::: GIVEN DATA
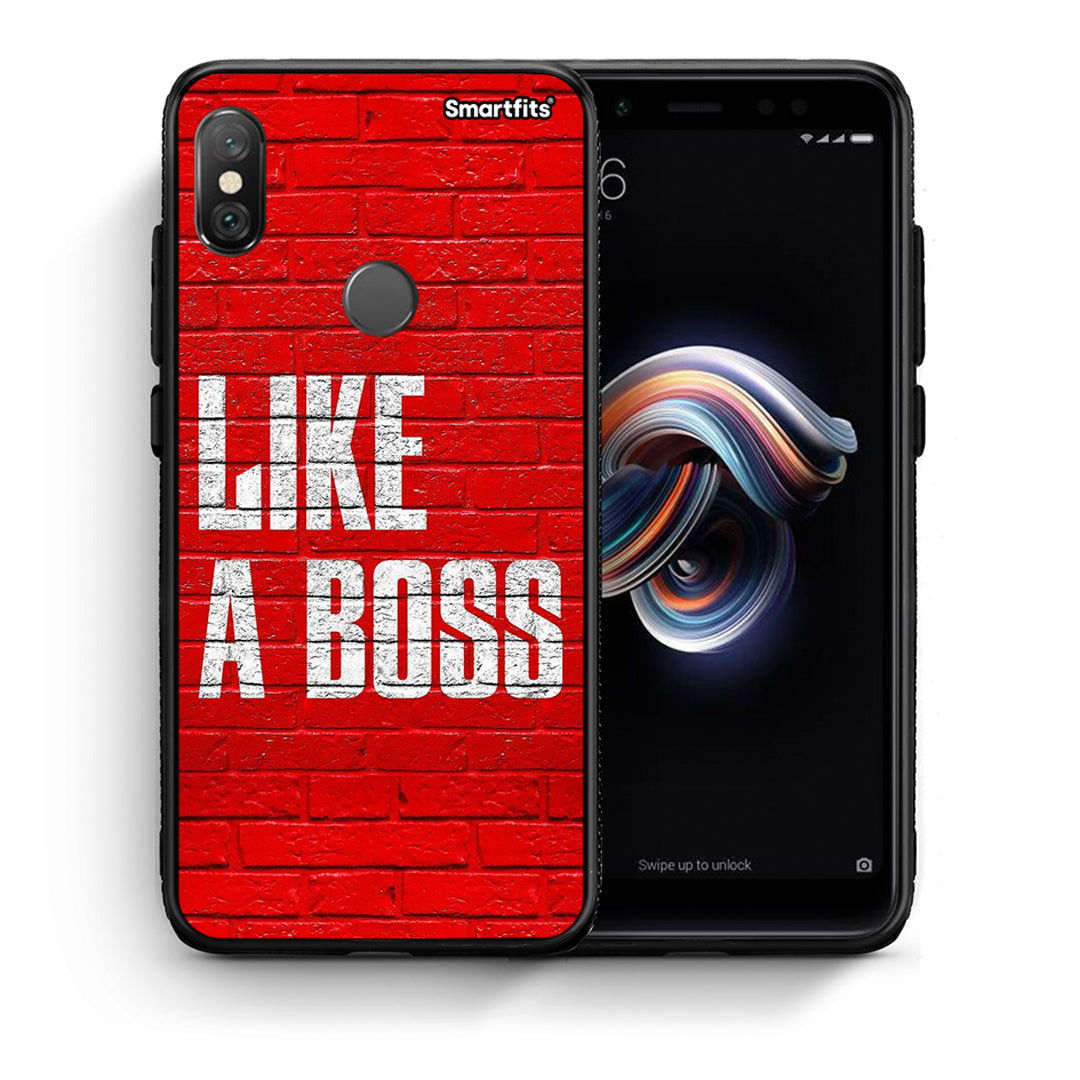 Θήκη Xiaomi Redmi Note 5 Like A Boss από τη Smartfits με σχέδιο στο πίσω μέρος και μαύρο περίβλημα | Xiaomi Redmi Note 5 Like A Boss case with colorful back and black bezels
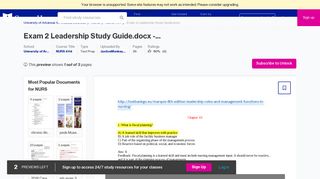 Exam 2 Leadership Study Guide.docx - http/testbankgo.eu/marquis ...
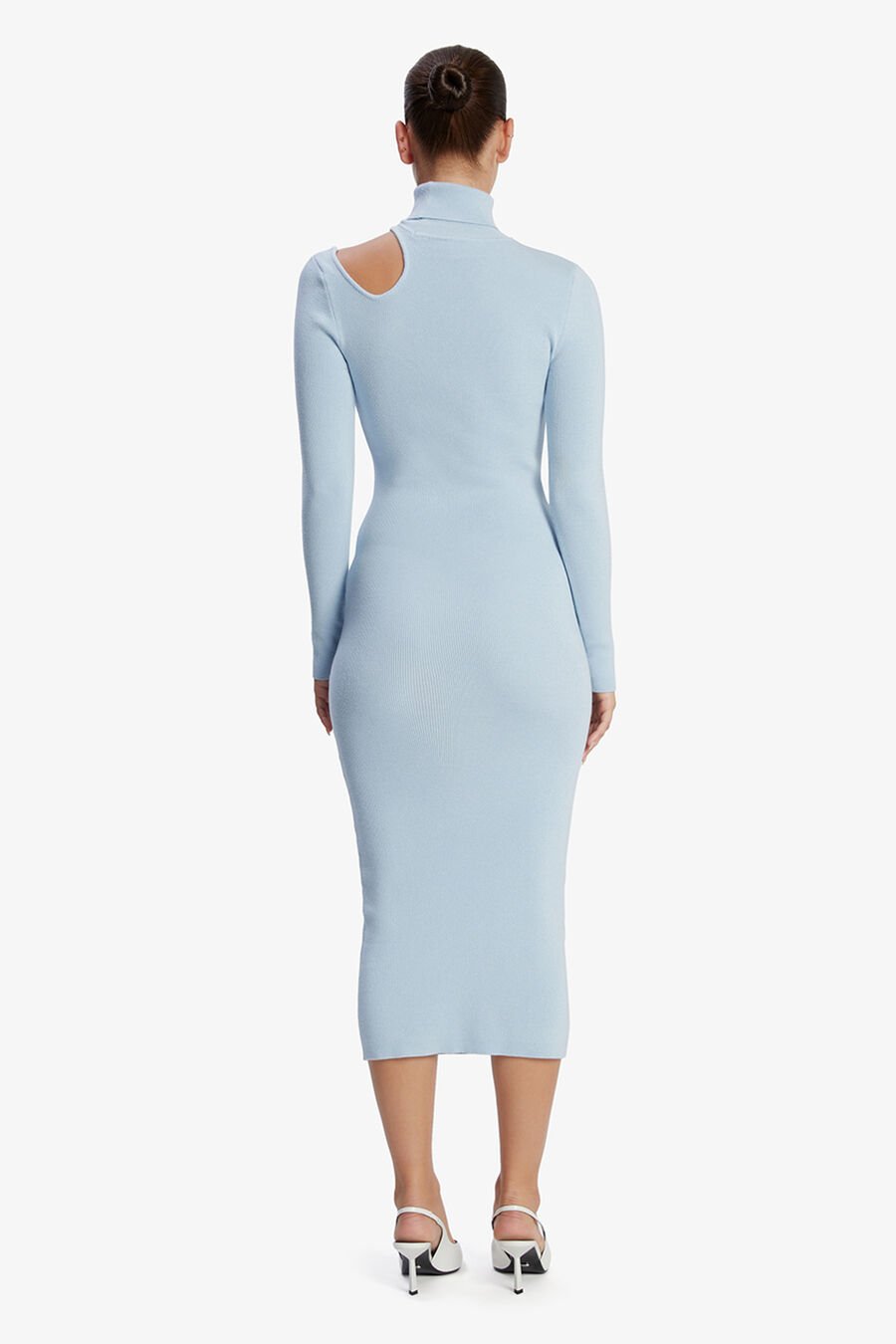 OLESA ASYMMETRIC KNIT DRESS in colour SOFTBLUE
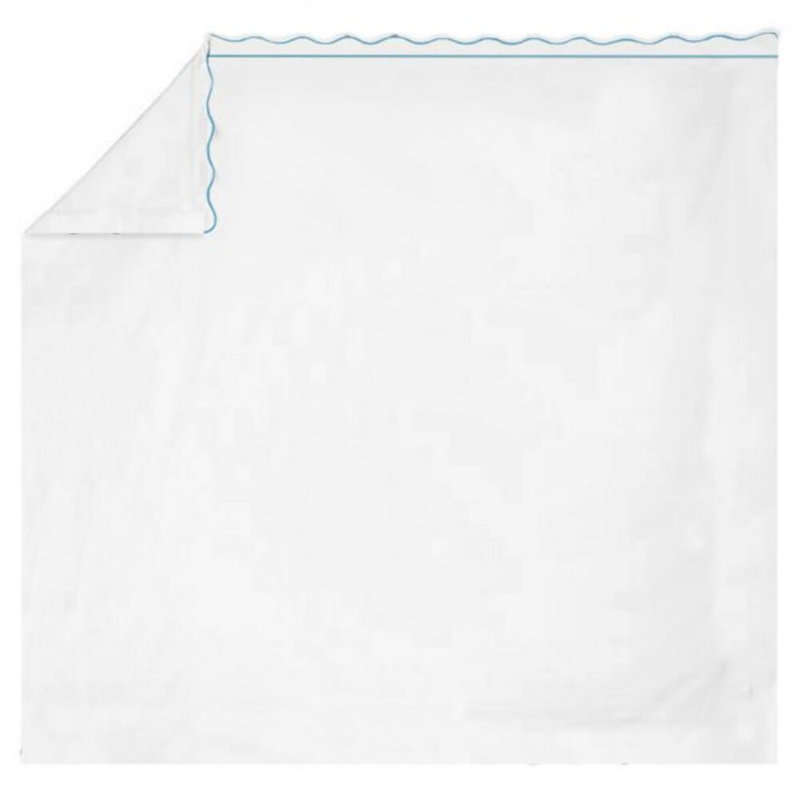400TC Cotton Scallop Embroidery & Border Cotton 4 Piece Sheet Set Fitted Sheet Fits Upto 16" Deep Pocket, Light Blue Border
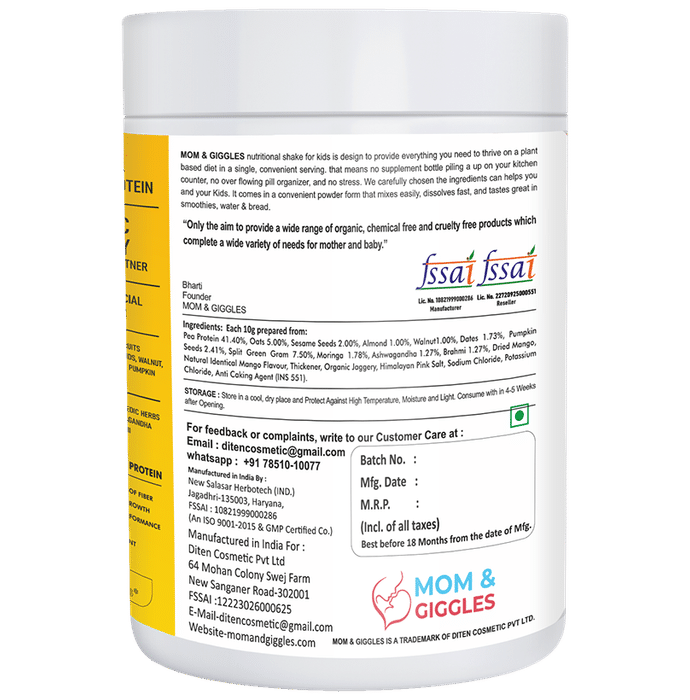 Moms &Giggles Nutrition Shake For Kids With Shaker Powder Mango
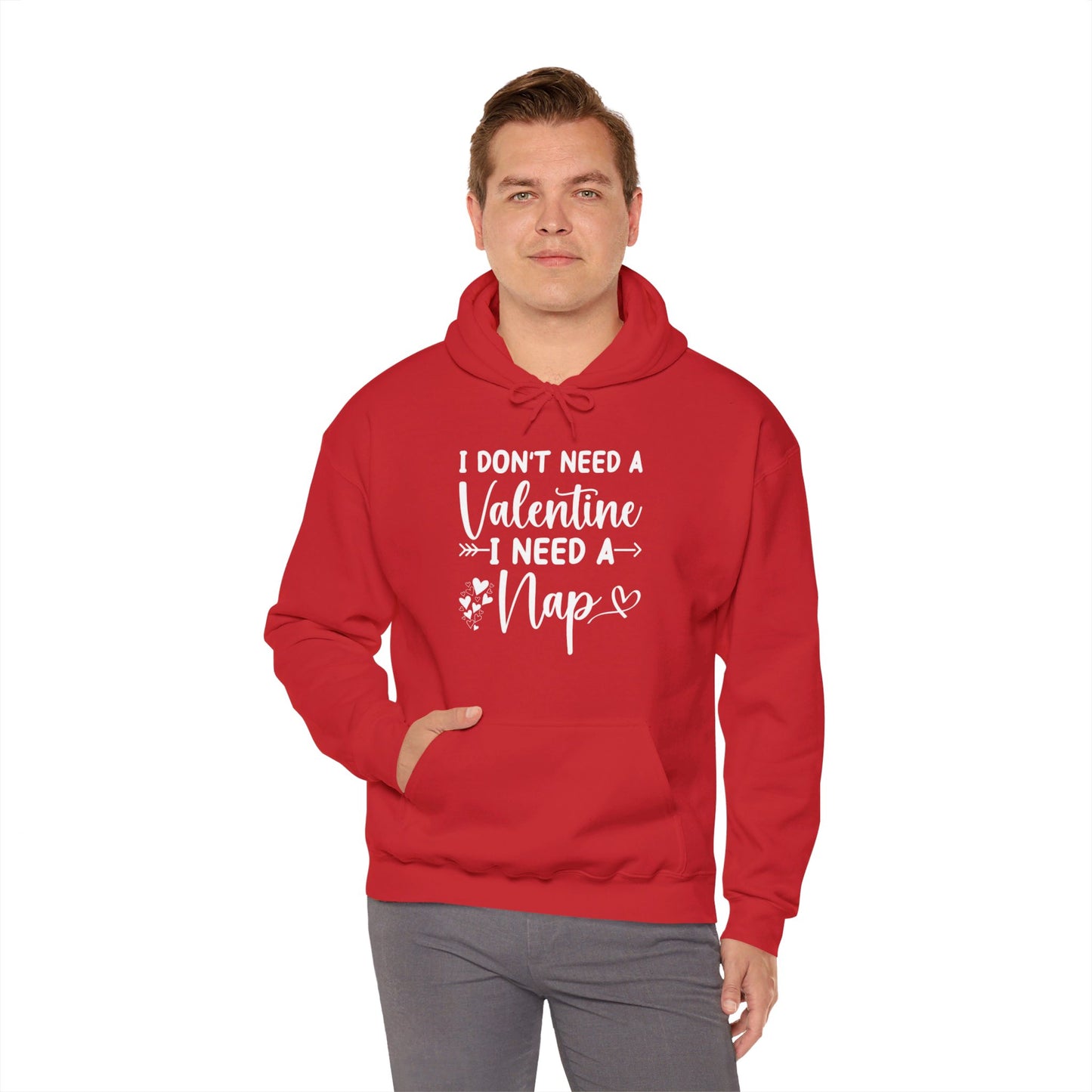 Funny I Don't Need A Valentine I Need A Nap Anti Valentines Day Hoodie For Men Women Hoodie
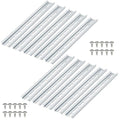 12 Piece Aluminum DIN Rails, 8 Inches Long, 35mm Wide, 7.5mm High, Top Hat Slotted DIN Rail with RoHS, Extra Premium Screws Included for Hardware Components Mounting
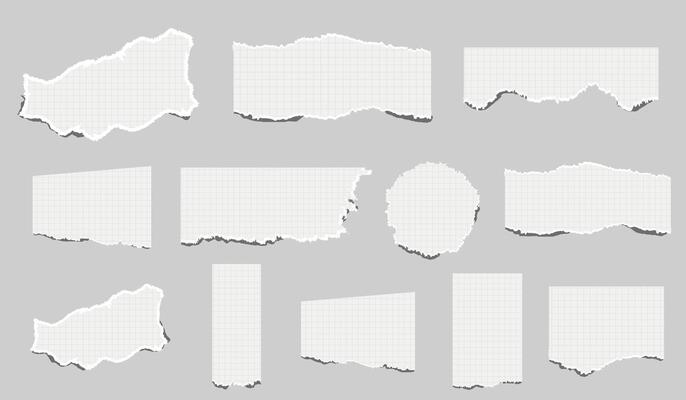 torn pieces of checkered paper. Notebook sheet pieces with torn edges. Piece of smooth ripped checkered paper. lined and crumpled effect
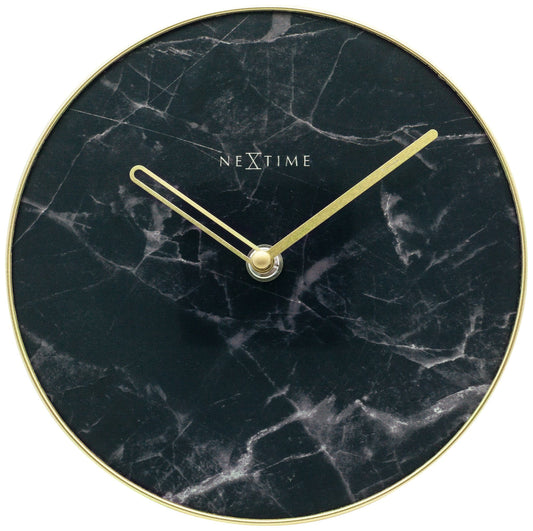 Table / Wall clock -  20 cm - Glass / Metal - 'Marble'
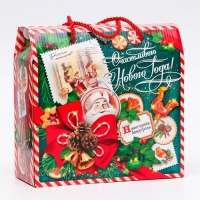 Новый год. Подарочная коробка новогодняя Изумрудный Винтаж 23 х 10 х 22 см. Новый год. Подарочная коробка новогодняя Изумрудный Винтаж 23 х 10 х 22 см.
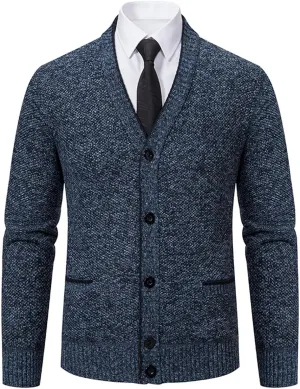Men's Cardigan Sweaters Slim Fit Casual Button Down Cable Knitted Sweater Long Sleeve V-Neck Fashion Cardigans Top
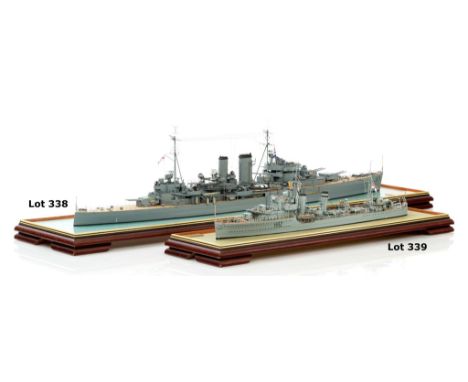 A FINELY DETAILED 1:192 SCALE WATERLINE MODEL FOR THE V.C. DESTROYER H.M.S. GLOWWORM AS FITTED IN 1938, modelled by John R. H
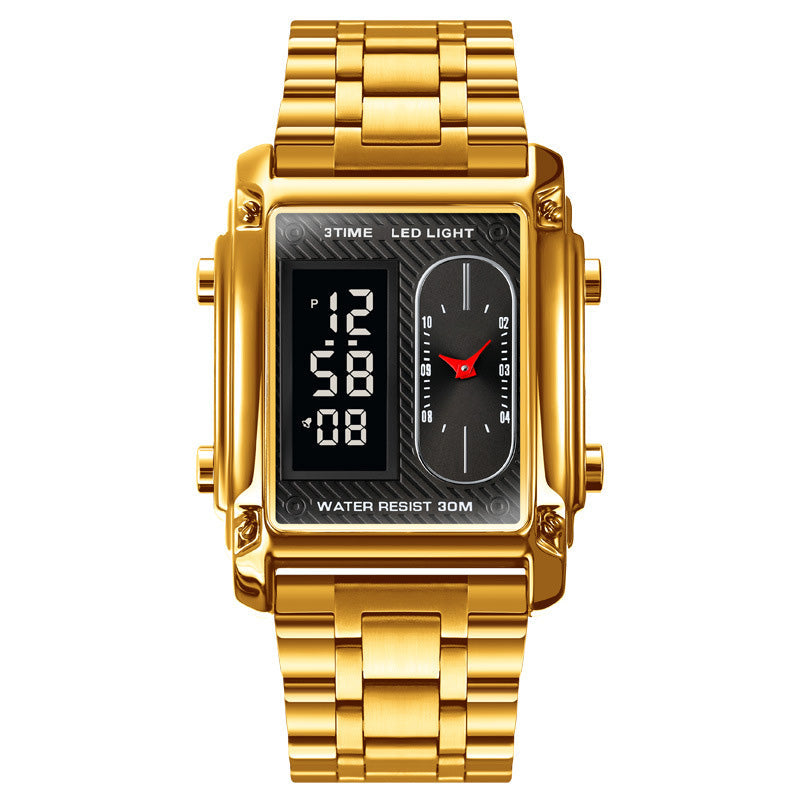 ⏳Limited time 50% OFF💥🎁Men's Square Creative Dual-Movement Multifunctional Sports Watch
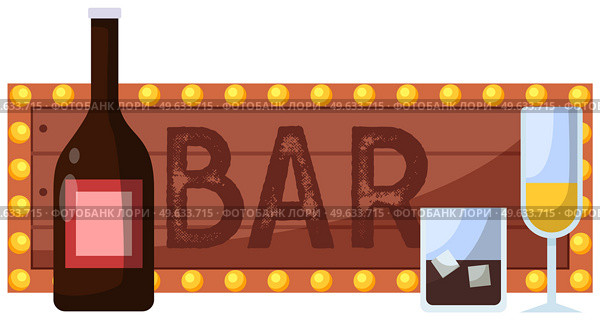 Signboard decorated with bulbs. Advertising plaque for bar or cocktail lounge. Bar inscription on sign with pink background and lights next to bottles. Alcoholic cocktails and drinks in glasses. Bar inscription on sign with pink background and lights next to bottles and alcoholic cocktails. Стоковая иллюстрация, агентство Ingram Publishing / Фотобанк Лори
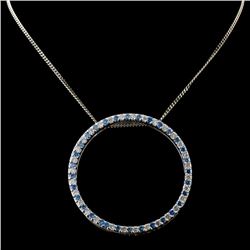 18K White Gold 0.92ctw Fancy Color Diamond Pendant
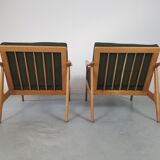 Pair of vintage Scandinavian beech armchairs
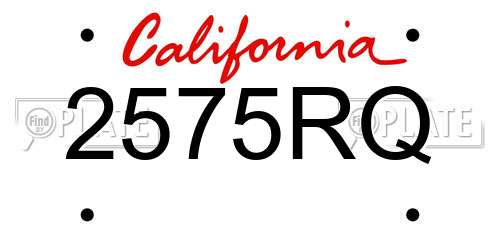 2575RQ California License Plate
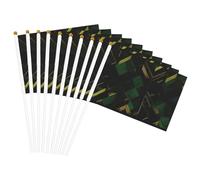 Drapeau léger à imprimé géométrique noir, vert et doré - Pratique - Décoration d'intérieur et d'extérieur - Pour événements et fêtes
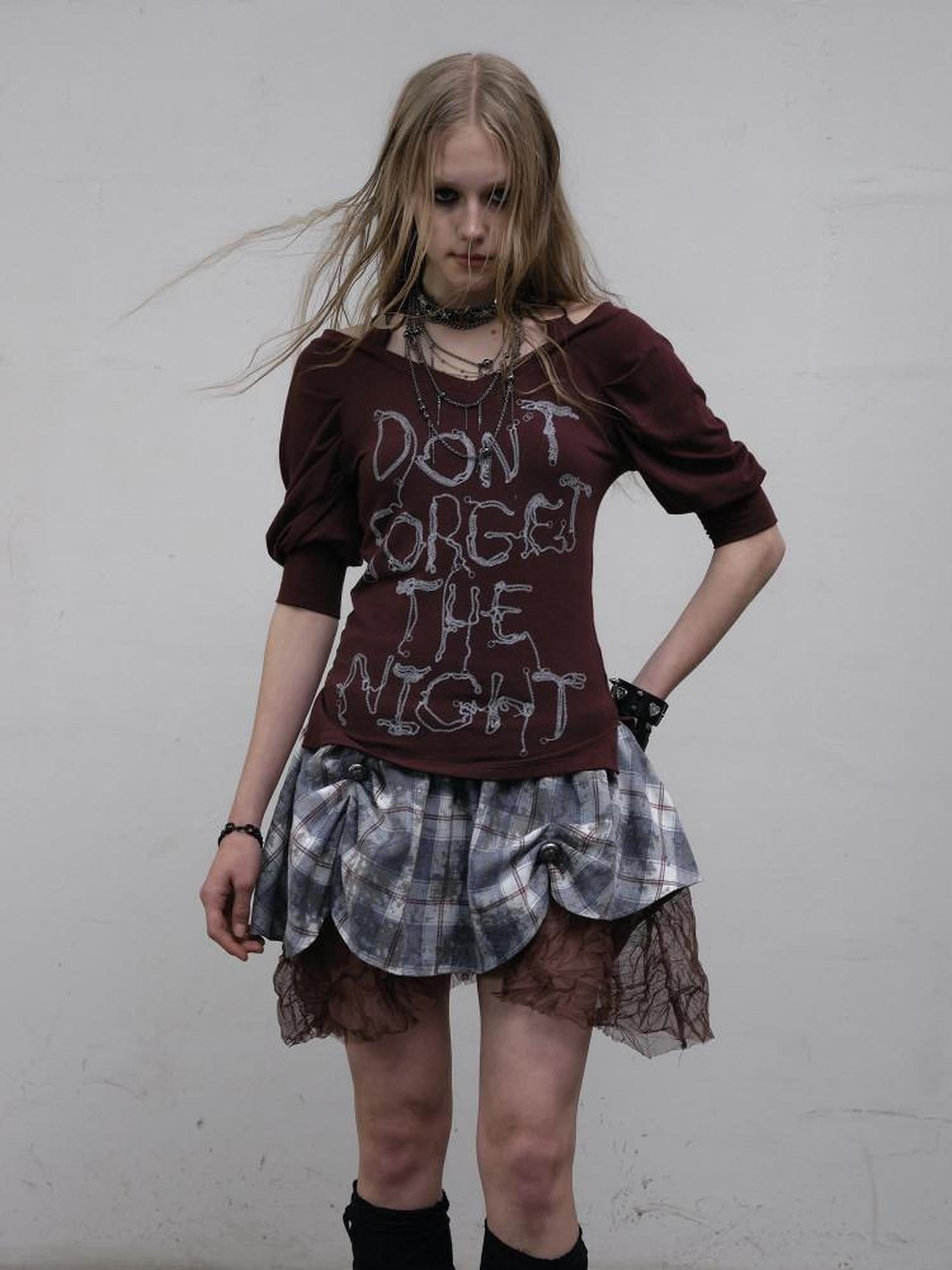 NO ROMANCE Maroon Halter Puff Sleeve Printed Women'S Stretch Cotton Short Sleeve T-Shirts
::::::
• TASK TO CARRY OUT:
Exactly as written, set down the lines from the line holding "Drapeau léger à" to the last line of the data, both ends included, pictures excluded.

• EXERCISE RESPONSE:
 Drapeau léger à imprimé géométrique noir, vert et doré - Pratique - Décoration d'intérieur et d'extérieur - Pour événements et fêtes
 NO ROMANCE Maroon Halter Puff Sleeve Printed Women'S Stretch Cotton Short Sleeve T-Shirts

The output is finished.